Tehran’s nuclear progress is “alarming” and its stockpile of enriched uranium has grown significantly, a senior US official said on Monday.
The “breakout time” – the time needed to obtain enough uranium enriched for use in weapons – has shrunk from a year to “a few months”, said the senior administration official, speaking on condition of anonymity to AFP.
Iran would then need to complete a number of additional steps, including building a nuclear device small enough to fit onto a ballistic missile, a process known as miniaturisation.
The US official said the US was keen to resume negotiations with Tehran and that Washington still believes diplomacy is the best path forward.
The US and the EU are keen to revive a variation of the 2015-18 “nuclear deal” in which the US relaxed most sanctions on Tehran in exchange for permitting UN inspections of research sites. Iran also agreed to set limits on its nuclear activities and for these to be monitored.
“We’re hopeful we can be back in Vienna [for talks] ... in a fairly short period of time,“ the official said.
On Monday, Iran’s foreign ministry said the new round of discussions could start early next month. The comment came just after Iran's foreign minister said Iran expects the US to unfreeze millions of dollars of Iranian assets.
The "ball is in Iran's court", Jennifer Gavito, deputy assistant secretary for Iran and Iraq at the State Department’s Bureau of Near Eastern Affairs, told CNBC on Tuesday.
US negotiators were ready to begin talks as soon as Iran gives the go-ahead, Ms Gavito said, clarifying that they've been told the Iranians will resume talks "very soon."
Any talk of lifting sanctions would have to take place within the framework of the Vienna talks, Ms Gavito said. She declined to discuss what sanctions relief the US may have offered the Iranians.
The country’s nuclear activity will be at the centre of talks between US and Israeli national security teams in Washington on Tuesday and Wednesday.
Israel’s national security advisor, Eyal Hulata, and his White House counterpart, Jake Sullivan, will join a meeting of the US-Israel Strategic Consultative Group, which comprises representatives of both countries’ diplomatic, military and intelligence agencies.

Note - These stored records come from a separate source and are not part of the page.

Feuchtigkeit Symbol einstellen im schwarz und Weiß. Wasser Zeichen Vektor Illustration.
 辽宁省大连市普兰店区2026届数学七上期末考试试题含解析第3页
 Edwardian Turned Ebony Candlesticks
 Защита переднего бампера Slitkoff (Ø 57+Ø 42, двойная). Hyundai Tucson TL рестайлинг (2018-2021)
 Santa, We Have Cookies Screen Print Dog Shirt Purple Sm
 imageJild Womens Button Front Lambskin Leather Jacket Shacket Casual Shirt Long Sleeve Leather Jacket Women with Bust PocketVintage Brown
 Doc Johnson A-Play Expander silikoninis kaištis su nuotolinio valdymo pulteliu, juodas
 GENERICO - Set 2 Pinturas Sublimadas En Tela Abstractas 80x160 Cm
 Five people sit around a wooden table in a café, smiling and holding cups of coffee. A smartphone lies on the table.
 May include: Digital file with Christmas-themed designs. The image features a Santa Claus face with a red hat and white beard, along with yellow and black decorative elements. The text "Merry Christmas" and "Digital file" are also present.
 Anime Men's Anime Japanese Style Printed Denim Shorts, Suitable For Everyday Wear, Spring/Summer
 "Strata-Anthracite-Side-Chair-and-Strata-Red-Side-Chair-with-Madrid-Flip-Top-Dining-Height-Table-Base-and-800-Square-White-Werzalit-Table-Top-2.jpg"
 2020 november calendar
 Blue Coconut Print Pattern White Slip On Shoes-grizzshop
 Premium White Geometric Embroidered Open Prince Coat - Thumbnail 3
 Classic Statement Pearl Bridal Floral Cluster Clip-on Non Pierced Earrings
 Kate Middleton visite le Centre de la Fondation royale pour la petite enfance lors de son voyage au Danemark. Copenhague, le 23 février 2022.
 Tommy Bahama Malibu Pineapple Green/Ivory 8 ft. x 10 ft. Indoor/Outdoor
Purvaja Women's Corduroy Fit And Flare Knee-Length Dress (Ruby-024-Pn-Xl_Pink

In 2018, Donald Trump withdrew Washington from international talks with Tehran on uranium enrichment, held in Austria. His successor, Joe Biden, is keen to resolve the stand-off diplomatically.
“The path in Vienna for negotiations does remain open,“ the senior US official said. “The Iranians are sending indications to a number of parties that they are preparing to come back to Vienna and, of course, we will have to see whether they reengage in that process constructively or not.“
Despite Israeli scepticism, the Biden administration believes “very strongly that the diplomatic path remains the best”, the official said.
But he also said the White House and Israel agree that Iran has made rapid advances since Mr Trump quit the international talks.
Tehran says it does not seek nuclear weapons, only an energy industry.
“We have a common assessment of the extent to which Iran’s nuclear programme has dramatically broken out of the box since the previous administration left the Iran nuclear deal,“ the official said.
“The breakout time, meaning stockpiles of enriched uranium and other ways to look at this, it’s gone from about 12 months down to a period of a few months. So, obviously, that’s quite alarming.”
The official said the US believes diplomacy will be “the best way to put a ceiling on the programme and roll back the gains that Iran has made in recent years“. But there is no movement to lifting sanctions and if diplomacy doesn’t work, “there are other avenues“.
“We think the onus right now is on the Iranian side,“ the official said.